─── Input material

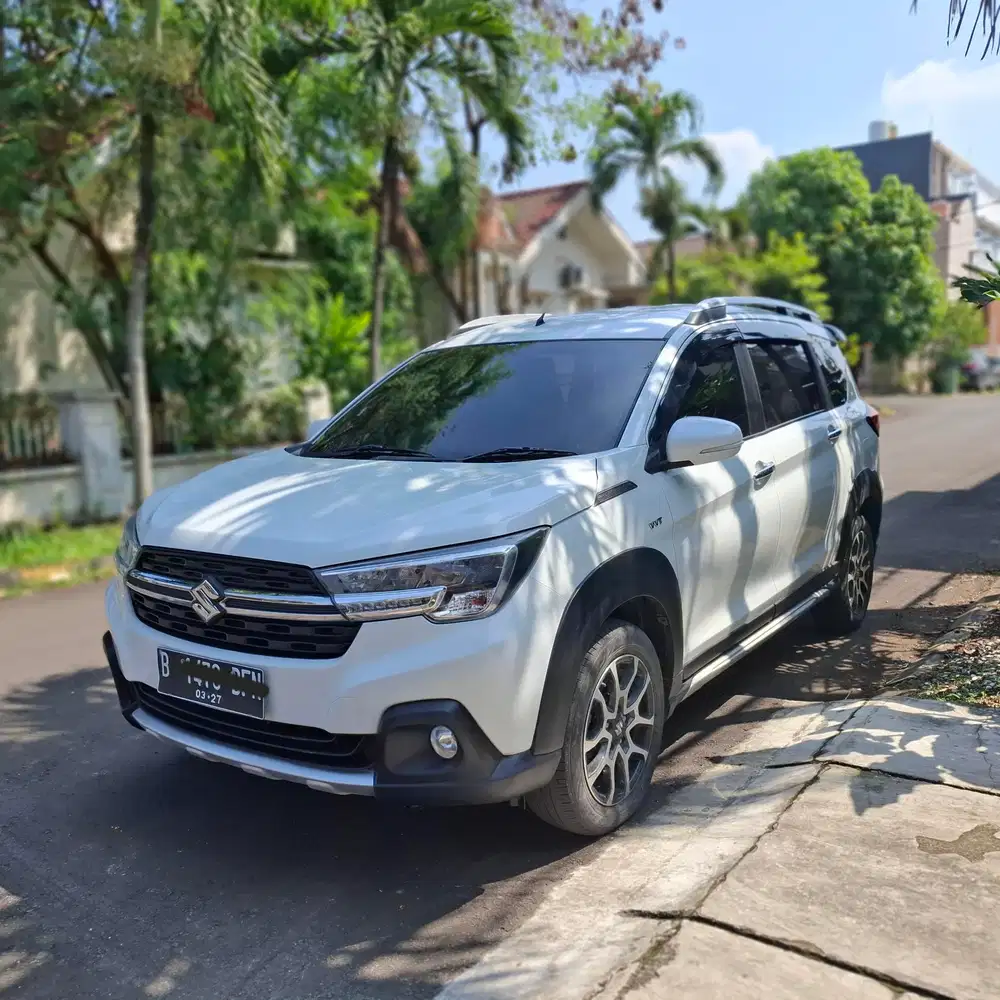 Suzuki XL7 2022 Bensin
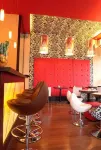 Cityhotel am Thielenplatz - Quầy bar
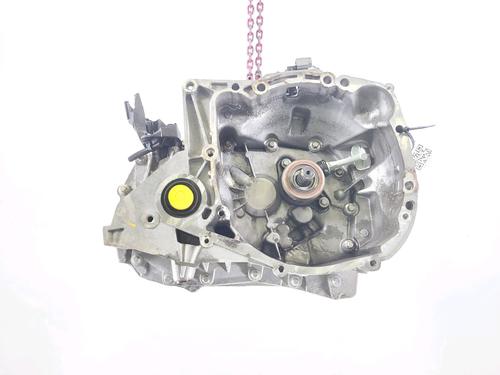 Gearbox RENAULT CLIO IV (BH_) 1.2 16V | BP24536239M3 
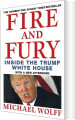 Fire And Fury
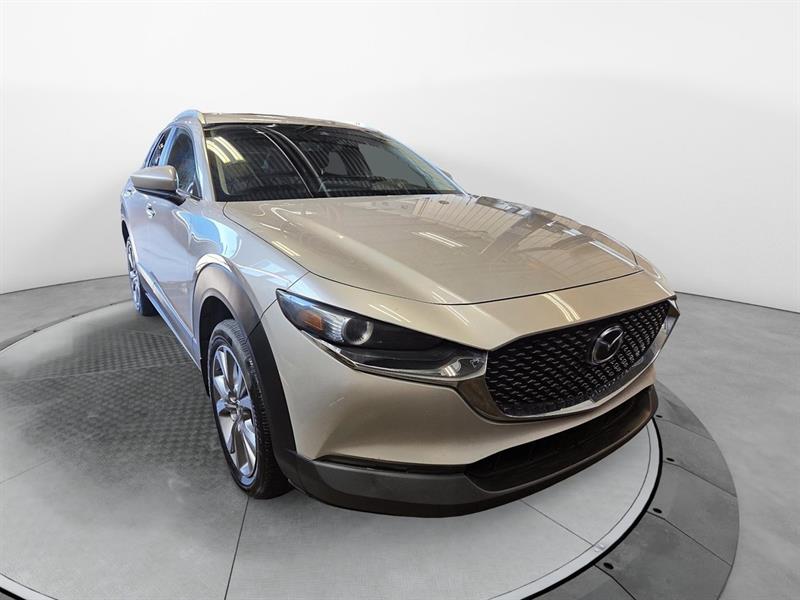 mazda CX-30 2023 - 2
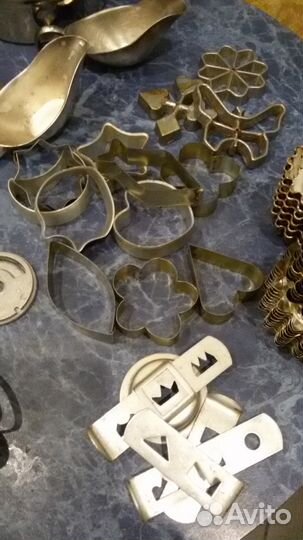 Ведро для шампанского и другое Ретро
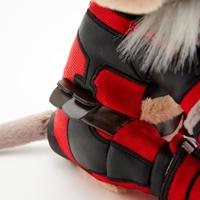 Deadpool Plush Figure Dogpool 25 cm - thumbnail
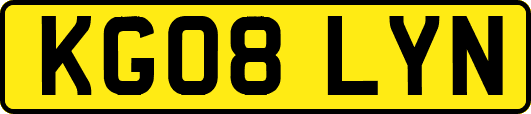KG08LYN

──────

→ **About this task**
For each entry above, write it out again exactly but leave out any picture.

→ **Solution**
 Suzuki XL7 2022 Bensin
 Cityhotel am Thielenplatz - Quầy bar
 Gearbox RENAULT CLIO IV (BH_) 1.2 16V | BP24536239M3 
 Fire And Fury
 mazda CX-30 2023 - 2
 Ведро для шампанского и другое Ретро
 Deadpool Plush Figure Dogpool 25 cm - thumbnail
KG08LYN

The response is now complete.